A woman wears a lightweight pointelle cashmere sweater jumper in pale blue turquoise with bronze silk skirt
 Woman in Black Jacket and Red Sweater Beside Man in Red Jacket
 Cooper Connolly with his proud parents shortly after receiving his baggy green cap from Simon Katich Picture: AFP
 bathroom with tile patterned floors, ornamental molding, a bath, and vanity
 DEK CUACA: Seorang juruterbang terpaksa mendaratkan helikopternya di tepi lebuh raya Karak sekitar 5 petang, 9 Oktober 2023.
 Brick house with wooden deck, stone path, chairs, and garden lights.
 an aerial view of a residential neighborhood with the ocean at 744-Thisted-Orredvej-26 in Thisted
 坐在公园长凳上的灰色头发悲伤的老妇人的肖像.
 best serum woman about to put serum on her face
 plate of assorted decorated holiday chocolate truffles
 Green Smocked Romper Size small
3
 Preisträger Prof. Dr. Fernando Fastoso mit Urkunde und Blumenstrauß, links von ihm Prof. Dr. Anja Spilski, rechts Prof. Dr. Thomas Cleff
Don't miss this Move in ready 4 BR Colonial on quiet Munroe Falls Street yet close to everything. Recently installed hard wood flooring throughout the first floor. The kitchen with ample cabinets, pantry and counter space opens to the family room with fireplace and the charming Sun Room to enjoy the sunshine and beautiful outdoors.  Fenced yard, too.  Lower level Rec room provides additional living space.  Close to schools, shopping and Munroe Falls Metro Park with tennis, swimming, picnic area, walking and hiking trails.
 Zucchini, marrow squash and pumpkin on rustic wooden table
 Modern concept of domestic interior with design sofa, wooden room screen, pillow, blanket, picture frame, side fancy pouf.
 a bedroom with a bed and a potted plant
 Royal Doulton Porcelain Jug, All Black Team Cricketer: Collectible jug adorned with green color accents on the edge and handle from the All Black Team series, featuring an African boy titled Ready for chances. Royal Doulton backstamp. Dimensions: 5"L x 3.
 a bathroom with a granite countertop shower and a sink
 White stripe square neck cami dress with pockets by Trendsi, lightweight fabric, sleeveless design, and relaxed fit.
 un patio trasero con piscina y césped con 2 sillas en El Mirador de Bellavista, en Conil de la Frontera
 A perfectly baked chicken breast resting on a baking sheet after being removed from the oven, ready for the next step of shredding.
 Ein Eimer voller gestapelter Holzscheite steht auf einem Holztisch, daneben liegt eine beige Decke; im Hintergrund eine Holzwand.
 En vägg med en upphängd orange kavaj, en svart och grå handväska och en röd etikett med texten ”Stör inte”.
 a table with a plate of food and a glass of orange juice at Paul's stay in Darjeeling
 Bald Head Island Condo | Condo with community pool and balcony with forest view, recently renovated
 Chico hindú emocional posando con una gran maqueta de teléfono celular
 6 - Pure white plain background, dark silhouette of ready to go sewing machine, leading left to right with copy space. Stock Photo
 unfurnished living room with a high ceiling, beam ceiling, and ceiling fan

Instructions to follow.
Bring together all lines from the listing that contain the word "after".

Output for this task.
 Cooper Connolly with his proud parents shortly after receiving his baggy green cap from Simon Katich Picture: AFP
 A perfectly baked chicken breast resting on a baking sheet after being removed from the oven, ready for the next step of shredding.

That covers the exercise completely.